戦後まもなく岩田久二雄博士がみた香川県の昆虫

 岩田久二雄博士(1905-1994)は、単独性カリバチ類の比較習性学研究と、さまざまなハチ類の繁殖習性の研究に取り組み、その成果をまとめた大著「本能の進化ーハチの比較習性学的研究」や、さまざまな昆虫の生活の様子を魅力的な文章でつづった「自然観察者の手記」など、多くの著作で知られる世界的に著名な昆虫学者です。
 岩田先生は、戦後まもなく海南島から復員後、1947年に香川大学農学部の前身である香川県立農業専門学校の昆虫学初代教授として赴任し、三木町平木に住んでいました。岩田先生の在任期間はわずか2年にすぎず、すぐに丹波笹山に設立された兵庫県立農科大学(現・神戸大学農学部)に移籍しました。
 短い期間でしたが、三木町を中心に頻繁に野外調査にでかけ、さまざまな昆虫の行動や生態を記録し多数の論文を発表しています。

1980年、坂上昭一先生との対談の際の岩田久二雄博士。「アニマ」1980年4月号より、平凡社とご遺族の許可を得て転載。

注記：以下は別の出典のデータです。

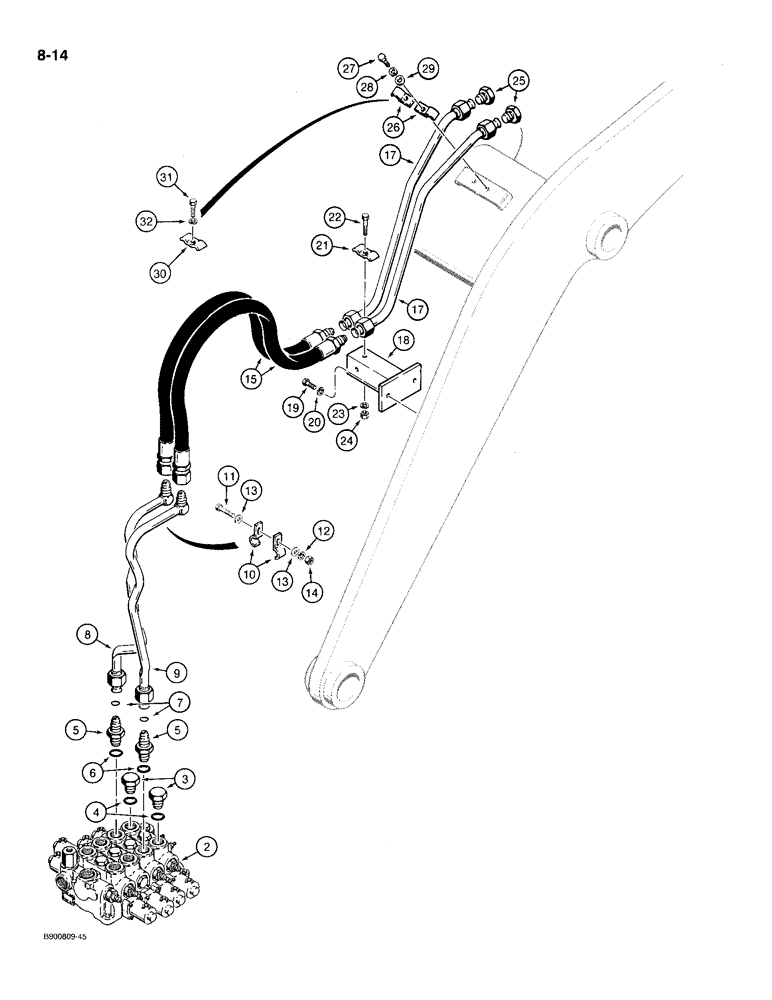 Схема запчастей Case 721 - (8-14) - AUXILIARY HYDRAULIC CIRCUIT, CONTROL VALVE TO CYLINDERS (08) - HYDRAULICS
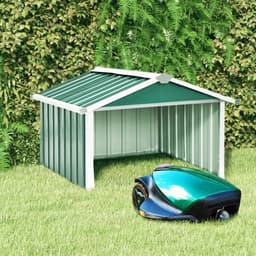 Schuur voor grasmaaiers, robotgarage, robothoes, grasmaaier, staal, verzinkt, groen, 92 x 97 x 63 cm — thumbnail 1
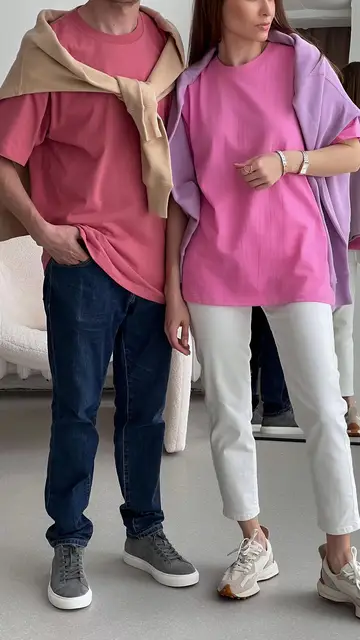Large size 250g candy color light pink lotus root pink loose solid color cotton short-sleeved T-shirts for men and women 1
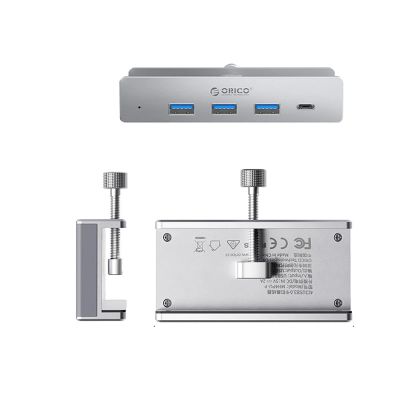 2. Orico MH4PC USB-C Hub mit Klemmmontage / 3x USB-A 3.0 + 1x USB-C 3.0 - Silber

兵庫県立人と自然の博物館に保管されている岩田先生が香川県で採集したイラガの寄生蜂・イラガセイボウの標本とラベル。香川県では、イラガの天敵とミノガ類の天敵の研究を精力的におこなっていました。
 岩田先生の足跡を著作と標本からたどったところ、香川の2年間でカリバチの習性研究から天敵昆虫やハチ目の卵巣構造の比較研究へテーマを転換しており、岩田先生の研究人生の中で重要な時期だったようです。
 私たちは、岩田先生が調べた昆虫が今も生息しているのかを調べ、三木町の自然の変遷を明らかにしようとしています。